Imputam os críticos, ainda, a desigualdade de gênero no MPF a um filtro que seria feito pela ANPR, o que, novamente, carece de base para a confirmação.
A diretoria da ANPR é composta por 12 cargos, incluindo o de presidente. Nas últimas cinco gestões, a diretoria teve a presença de quatro a cinco mulheres em cada uma delas.
É fato que apenas uma mulher dirigiu a ANPR em seus quase 50 anos, do que não se orgulha a entidade, mas não se pode inferir de tais dados que haja uma postura voltada a desprezar mulheres nas listas tríplices, sendo certo que, dos 12 nomes que integraram as listas tríplices realizadas de 2001 a 2021, 4 eram mulheres.
A questão de gênero no MPF, com a qual a ANPR tem se preocupado e buscado obter alterações no quadro atual[3], passa por reconhecer que hoje as mulheres representam 30% do número de membros e que tal percentual se reduz à medida que se faz a progressão na carreira. As causas para tal constatação envolvem questões as mais diversas.
Mas, seja como for, a inferência é tão incorreta quanto seria afirmar-se que o Departamento de Ciência Política da FFLCH/USP não considera a questão de gênero por ter apenas 5 mulheres dentre os 21 professores ou atribuir-se à atualidade o fato de que a Unirio, criada em 1969, teve apenas uma mulher como reitora, situação que também se observa no fato de a lista de reitores da USP, de 1934 a 2023, ter apenas uma mulher como reitora.

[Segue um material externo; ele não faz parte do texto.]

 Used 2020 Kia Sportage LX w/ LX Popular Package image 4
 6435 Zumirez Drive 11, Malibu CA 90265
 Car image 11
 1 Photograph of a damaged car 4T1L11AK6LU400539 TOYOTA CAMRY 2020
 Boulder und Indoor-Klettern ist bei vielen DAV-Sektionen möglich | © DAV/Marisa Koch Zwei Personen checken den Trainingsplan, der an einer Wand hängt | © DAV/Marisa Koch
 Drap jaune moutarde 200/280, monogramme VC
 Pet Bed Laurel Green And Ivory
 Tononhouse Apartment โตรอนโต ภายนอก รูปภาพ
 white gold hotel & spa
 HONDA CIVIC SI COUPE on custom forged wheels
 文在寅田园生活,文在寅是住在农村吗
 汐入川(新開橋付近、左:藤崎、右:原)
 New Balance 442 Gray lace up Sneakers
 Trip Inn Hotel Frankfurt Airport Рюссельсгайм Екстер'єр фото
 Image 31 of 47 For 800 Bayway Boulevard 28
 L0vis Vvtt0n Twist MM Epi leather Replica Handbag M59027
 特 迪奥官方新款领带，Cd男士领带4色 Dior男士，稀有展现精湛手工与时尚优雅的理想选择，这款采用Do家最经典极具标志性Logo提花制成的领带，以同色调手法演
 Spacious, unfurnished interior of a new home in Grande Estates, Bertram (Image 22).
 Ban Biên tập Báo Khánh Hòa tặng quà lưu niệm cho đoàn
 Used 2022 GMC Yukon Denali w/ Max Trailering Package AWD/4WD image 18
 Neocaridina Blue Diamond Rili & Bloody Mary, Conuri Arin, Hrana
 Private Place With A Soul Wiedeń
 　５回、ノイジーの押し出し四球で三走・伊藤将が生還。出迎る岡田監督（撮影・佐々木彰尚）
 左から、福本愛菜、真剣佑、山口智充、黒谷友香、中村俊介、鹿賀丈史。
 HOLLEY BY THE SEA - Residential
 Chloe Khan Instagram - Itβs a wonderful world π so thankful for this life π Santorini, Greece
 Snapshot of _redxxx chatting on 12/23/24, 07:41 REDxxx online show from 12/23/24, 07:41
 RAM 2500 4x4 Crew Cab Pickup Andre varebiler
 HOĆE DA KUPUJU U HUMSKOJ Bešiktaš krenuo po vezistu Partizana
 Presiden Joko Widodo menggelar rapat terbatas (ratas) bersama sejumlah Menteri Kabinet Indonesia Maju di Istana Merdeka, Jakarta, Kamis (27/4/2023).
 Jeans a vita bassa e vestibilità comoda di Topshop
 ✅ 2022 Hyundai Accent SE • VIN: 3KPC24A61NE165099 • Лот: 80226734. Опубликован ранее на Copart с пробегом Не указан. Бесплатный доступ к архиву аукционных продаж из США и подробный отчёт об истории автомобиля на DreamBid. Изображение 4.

Determinadas afirmações, quando não considerado o contexto em que os fatos se processam, podem provocar uma leitura apressada da realidade. O argumento, tal como posto, nos levaria, por exemplo, a afirmar que o Partido dos Trabalhadores, criado em 1980, é apenas um partido paulista e não uma agremiação partidária nacional, já que, das 12 pessoas que ocuparam a presidência, apenas uma vez ocupada por uma mulher, 8 delas eram parlamentares eleitos pelo estado de São Paulo.
É evidente que a inferência seria apressada, incorreta e não consideraria o todo.
Assim, na discussão sobre a lista tríplice e na escolha do procurador-geral da República, a questão de gênero é também um elemento a ser considerado, assim como deverá ser no debate público sobre as indicações ao STF e tal recorte ainda comporta uma leitura étnico-racial, em uma sociedade tão desigual quanto a brasileira.
Os problemas, portanto, se somam, mas não podem ser imputados à lista tríplice, que, quando muito, é um retrato da sociedade em que vivemos.
Voltamos, então, ao início para saber se, em uma sociedade que pretende se consolidar como democrática, qual o melhor método de indicação do procurador-geral da República: o opaco ou o transparente?
A resposta cabe ao debate público e, especialmente, ao destinatário da decisão: a sociedade brasileira.